Because of the candle, the gathering seems to have a finger of amazement on its mouth, and this amazement is because of the 'hearing' of the flame of the voice of beautiful ones.

== Asi, p. 138


This verse is [like {74,1}] from that same sequence [silsilah], which is related to the mood of the night.

The meaning is that when beautiful ones sing, then the candle becomes a finger in the teeth of the people of the gathering.

== Zamin, p. 202

Gyan Chand:

In the gathering, when beautiful ones sing, then at the 'heat' of their voice the gathering becomes 'with a finger of amazement on the mouth'. A 'finger of amazement on the mouth' [angusht-e ta;haiyur dar dahan] is an idiom [from Persian]; this action is in fact a sign of amazement. The candle resembles a finger-- so to speak, it is the 'finger of amazement' of the gathering. Listening to the music of mystic knowledge is called samaa(( .

== Gyan Chand, p. 231


CANDLE: {39,1}
SPEAKING: {14,4}

For background see S. R. Faruqi's choices. This verse is NOT one of his choices; I thought it was interesting and have added it myself. For more on Ghalib's unpublished verses, see the discussion in {4,8x}.

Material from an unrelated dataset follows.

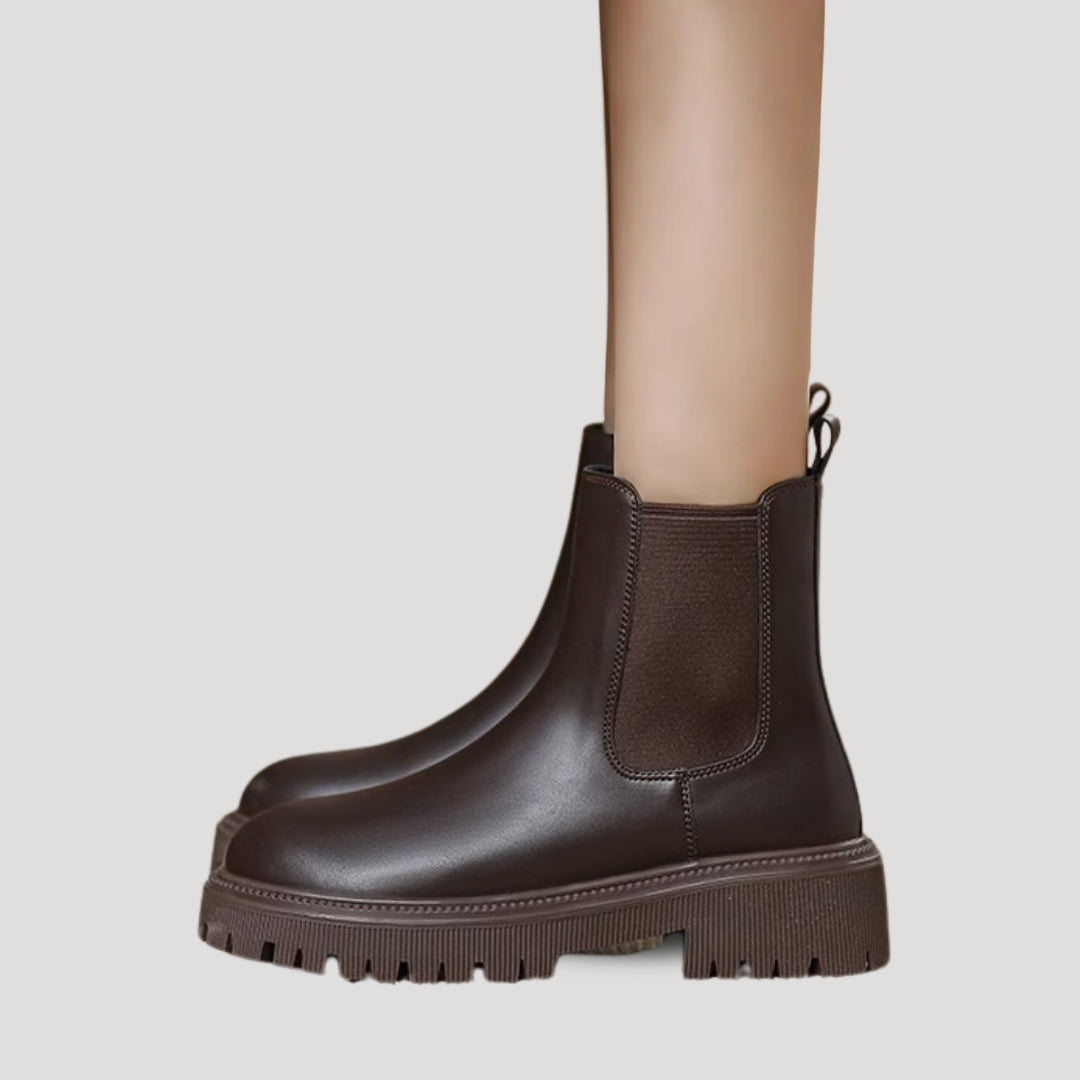 Women’s Black Chelsea Boots – Chunky Sole Leather Ankle Boots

The image of the 'flame of a voice' has a strong element of synesthesia-- is it a flame (as would suit the 'candle'), or a voice (as would suit the 'hearing')? There's a lot to be said about this potent image; it's used in {147,1}, and is discussed there. A more extensive discussion is provided by Faruqi in M{472,6}.

Moreover, in the ghazal world, the eyes of beautiful ones can and do 'speak' not only without words, but even in active opposition to words; see {44,1} on collyrium as the enemy of the voice.

There's also the question of the general meaning of samaa(( as 'hearing, listening to' anything, or to any kind of music, versus its specific Sufistic meaning of listening to mystically revelatory music in a devotional setting (see the definition above).

One of the aspects of the state of ;hairat or 'amazement' (on this see {51,9x}) is that one is struck dumb and cannot find words; thus the 'mouth' has no words emerging from it, but merely a finger on it. Of course, this finger is really on the lower teeth, which are accessible because the mouth is open and the jaw dropped (thus the gesture has nothing in common with the finger-on-the-lips 'hush' gesture we know in English). For discussion, and an illustration, see {50,1}. For another angusht-e ;hairat dar dahaan , see {369x,4}.

As usual when he makes use of idioms, Ghalib has framed the verse so that both the colloquial meaning of the expression (the gathering is amazed), and the literal one (the gathering has the 'finger' of the candle on its teeth), are evoked. But in this case the literal meaning seems forced and implausible; it just doesn't work very well, so that the whole effect seems unduly contrived.

In any case, this verse that seems to be about music, or at least sound, may in fact be about silence.